However, a blockage of ships may be the least of the problems in the Panama Canal. More pressing issues within the area need to be addressed urgently, particularly those involving climate change.

Water nowhere and everywhere

Between severe droughts that force ships to reduce their cargo to keep vessels from running aground to massive storms that threaten to make dams and locks spill over, water – a lack or disastrously proportioned surplus thereof – is what threatens the passage of ships through the 50-mile canal. 

Panama may be the country that ranks fifth in terms of heavy rainfall, but the supply of freshwater has been anything but steady in recent years. As a result, canal management has had to deal with more issues over the past decade than much of the canal’s history since 1914. 

This is potentially ruinous as the canal requires a steady supply of rainwater to fill the reservoirs and artificial lakes that, in turn, fill its locks. Also, the way fresh water is being diverted to residential and agricultural areas has also taken its toll.

Even more disturbing is how neighboring rainforests have diminished in size over time. Their ability to serve as a catch-basin or sponge for excess water has considerably lessened – and this tends to spell disaster during drier months. 

Growing urbanisation has contributed to the reduction of forested land within the area, leading to intense flooding during the storm season. While authorities have reforested nearly 20,000 acres across the watershed, scientists advise that this simply isn’t enough.

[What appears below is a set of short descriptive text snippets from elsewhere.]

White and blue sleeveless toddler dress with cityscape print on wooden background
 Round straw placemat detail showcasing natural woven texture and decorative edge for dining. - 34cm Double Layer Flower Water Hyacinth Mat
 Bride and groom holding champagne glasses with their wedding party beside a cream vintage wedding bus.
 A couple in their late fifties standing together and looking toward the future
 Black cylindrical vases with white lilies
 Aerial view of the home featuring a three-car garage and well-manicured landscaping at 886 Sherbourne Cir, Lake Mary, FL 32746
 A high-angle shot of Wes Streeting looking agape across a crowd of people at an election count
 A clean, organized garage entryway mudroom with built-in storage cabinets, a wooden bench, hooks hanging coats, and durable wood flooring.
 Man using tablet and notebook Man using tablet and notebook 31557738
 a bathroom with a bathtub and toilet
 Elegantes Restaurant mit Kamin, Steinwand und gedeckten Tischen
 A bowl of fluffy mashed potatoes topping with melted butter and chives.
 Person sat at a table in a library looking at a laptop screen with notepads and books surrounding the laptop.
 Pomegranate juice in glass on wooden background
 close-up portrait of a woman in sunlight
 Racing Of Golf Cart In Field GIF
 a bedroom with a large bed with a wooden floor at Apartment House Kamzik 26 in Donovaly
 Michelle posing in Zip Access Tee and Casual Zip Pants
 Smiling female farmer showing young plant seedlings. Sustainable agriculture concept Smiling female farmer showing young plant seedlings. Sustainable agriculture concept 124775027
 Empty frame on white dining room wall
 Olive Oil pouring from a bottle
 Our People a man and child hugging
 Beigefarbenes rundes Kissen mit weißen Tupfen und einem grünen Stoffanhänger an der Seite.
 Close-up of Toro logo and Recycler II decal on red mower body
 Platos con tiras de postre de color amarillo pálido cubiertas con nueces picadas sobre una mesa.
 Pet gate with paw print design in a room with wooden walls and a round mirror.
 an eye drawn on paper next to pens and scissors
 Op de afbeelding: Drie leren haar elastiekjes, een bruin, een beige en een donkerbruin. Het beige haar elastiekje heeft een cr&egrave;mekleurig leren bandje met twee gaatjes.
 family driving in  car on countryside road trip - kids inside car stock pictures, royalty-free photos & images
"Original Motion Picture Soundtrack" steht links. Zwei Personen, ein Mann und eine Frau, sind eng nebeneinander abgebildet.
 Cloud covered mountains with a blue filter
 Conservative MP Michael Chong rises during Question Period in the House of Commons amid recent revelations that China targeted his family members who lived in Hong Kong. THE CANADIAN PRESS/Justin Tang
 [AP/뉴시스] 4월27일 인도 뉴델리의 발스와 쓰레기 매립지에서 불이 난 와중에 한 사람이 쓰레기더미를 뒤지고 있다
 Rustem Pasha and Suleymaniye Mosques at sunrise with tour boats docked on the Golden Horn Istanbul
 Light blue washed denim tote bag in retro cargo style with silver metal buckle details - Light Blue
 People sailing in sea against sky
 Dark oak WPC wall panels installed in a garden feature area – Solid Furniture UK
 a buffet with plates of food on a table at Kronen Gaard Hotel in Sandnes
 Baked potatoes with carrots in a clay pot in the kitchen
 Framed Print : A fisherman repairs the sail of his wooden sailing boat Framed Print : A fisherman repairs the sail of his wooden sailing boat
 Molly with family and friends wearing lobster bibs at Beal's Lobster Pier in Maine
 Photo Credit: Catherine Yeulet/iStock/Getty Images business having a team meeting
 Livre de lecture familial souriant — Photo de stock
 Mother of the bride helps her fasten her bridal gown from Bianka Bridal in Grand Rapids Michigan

Four of the past seven years were marked by intense droughts – the driest the canal has been since 1950. Conversely, the area is also being hit by mammoth storms and intensely destructive hurricanes.

A working plan underway

The Panama Canal Authority is currently working on a $2 billion infrastructure plan geared towards managing preserving freshwater reserves. Set for completion in 2028, the projects under the plan include constructing new dams and reservoirs, using grey water (treated sewage water), identifying alternative sources of fresh water, and even using desalinated seawater.

Other countries utilize large reservoirs or river transfers to alleviate water shortages. Yet, the Panama initiative is considered the largest project of its kind anywhere in the world. 

Hopefully, it could make it more resilient against the challenges posed by the changing climate.